« Comme ils la connaissaient mal ! Et
quel manque de respect ! », se dit Julio tout bas en examinant du
coin de l’œil les trois couronnes d’œillets jaunes, ceintes de ruban satiné et
lettres dorées, tandis qu’il se frayait un passage entre les essaims de proches
endeuillés qui chuchotaient comme s’ils récitaient le rosaire dans un ronron
machinal. Dissimulées sous son costume noir bien taillé, deux auréoles à
l’odeur acre éclaircissaient les dessous de bras de sa chemise blanche, mais
seul l’éclat de ses boutons de manchettes aurait pu détourner sur lui
l’attention de ceux qui étaient présents.
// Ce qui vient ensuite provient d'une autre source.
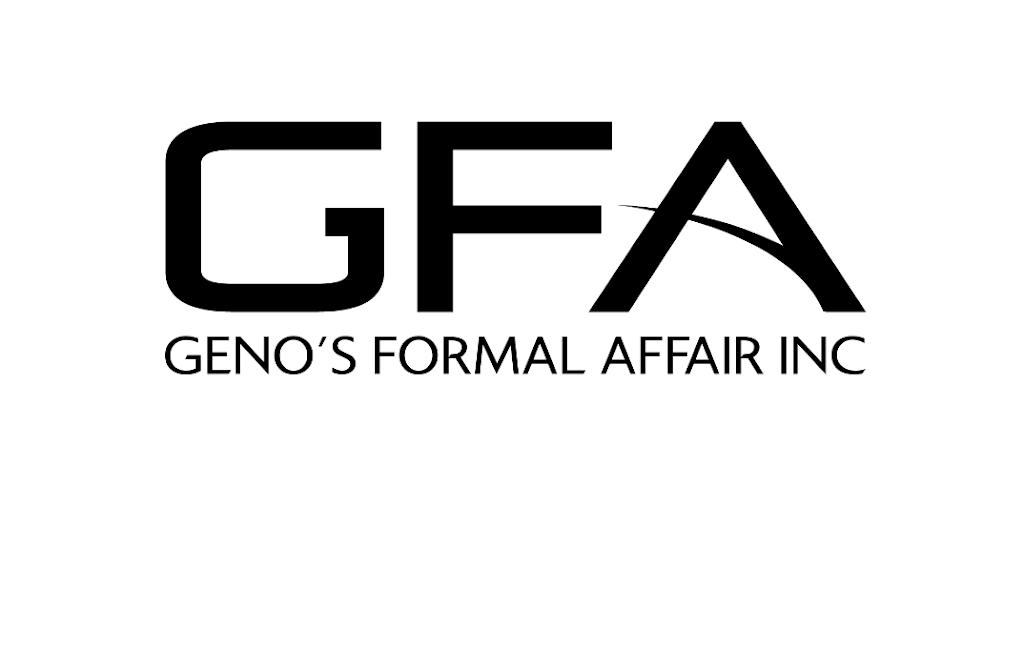 Genos Formal Affair | 2573 Richmond Rd, Lexington, KY 40509, USA | Phone: (859) 268-2323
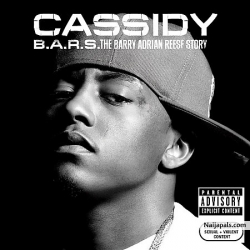 My Drink & My 2 Step by Cassidy[Rugged]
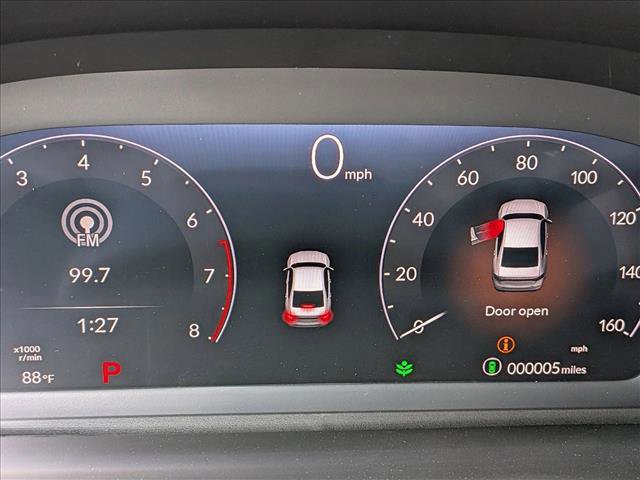 New 2026 Honda Accord SE image 10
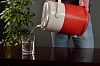 Термос-раздатчик Ecotronic Ecotronic CoolStrong-7 Red  на 7 литров холодной воды (не охлаждает!)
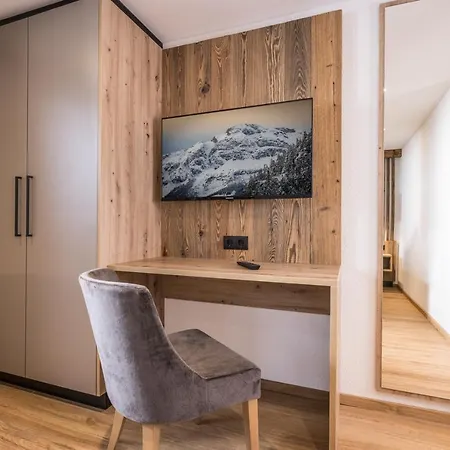 Schrambacherhof * Achenkirch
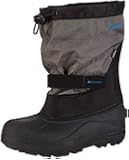 Columbia Youth Powderbug Plus Winter Boot (Little Kid/Big Kid)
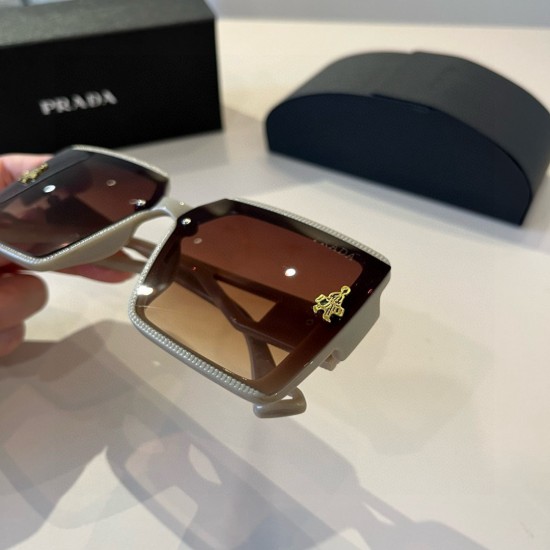 Prada Glasses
Pelotonnée entre les coussins noirs du canapé
principal du salon, son chignon mousseux comme un gros
flocon de neige et sans avoir encore pris conscience de ce qui était arrivé, la
mère de Victoria esquissait un sourire mécanique au contact des caresses sur
ses épaules abattues. Elle acquiesçait, comme un petit chien articulé qui
dodeline de la tête, en écoutant distraitement les mots de consolation des
parents et amis qui défilaient devant elle, lui présentant leurs plus sincères
condoléances pour la mort de sa fille cadette.
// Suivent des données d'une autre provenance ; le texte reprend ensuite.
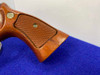 Smith Wesson 25-5 .45 Colt 4" *GORGEOUS NICKEL FINISHED SMITH* Full Target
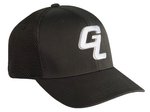 Guideline Ultra Fibre Cap Black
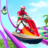 icon Jetski Pool Ride(Game Balap Seluncur Air JetSki
) 1.0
Julio se retira dans le coin le plus discret de la
résidence funéraire, près de la fenêtre. Il tourna les talons de ses chaussures
vernies à bout carré et posa le front sur la vitre froide. Le ciel, engageant du
fait de sa proximité apparente et de sa luminosité, ressemblait à celui des
jours précédents. Julio concentra son regard sur les contours d’un nuage, y repérant
des silhouettes que lui seul voyait, afin d’atténuer le brouhaha du salon qui
l’acculait comme le vol d’un rapace au-dessus de sa proie.
Ses pupilles oscillèrent dans l’azur matinal et
les pouces et les index qui soutenaient son menton tremblant, tels de précaires
béquilles, abandonnèrent un moment leur poste pour aller essuyer furtivement
une larme.
Devant le cercueil de Victoria, Julio Olazábal se souvient des dernières images qu’il garde d’elle, de la matinée qui
précéda sa mort : Victoria descendant de sa voiture à hauteur du kilomètre
136 de la nationale 11 avec un grand sac vide ; Victoria tendant le bras
pour lui donner le manuscrit de son roman tout en lui disant qu’elle allait
s’en sortir, que tout irait bien pour elle, qu’il fallait qu’il s’en aille,
qu’il parte…
Au fil des pages de ce roman qui nous intrigue – tant
par l’histoire que par la construction narrative habile de son auteure –, Julio
Olazábal va refaire comme il le peut le parcours de la vie de
Victoria Santillán : sa recherche d’identité à travers un exil
volontaire aux États-Unis et son besoin de démentir ou de confirmer une rumeur
qui implique son père dans la disparition de personnes assassinées au cours de
la dernière dictature militaire en Argentine… entre autres choses.
Situé sur la délicate frontière qui, nous le
savons, sépare la réalité de la fiction, « Cuando yo te vuelva a
ver » renvoie le lecteur à un passé immuable depuis un présent où il est encore
possible d’y poser un regard différent…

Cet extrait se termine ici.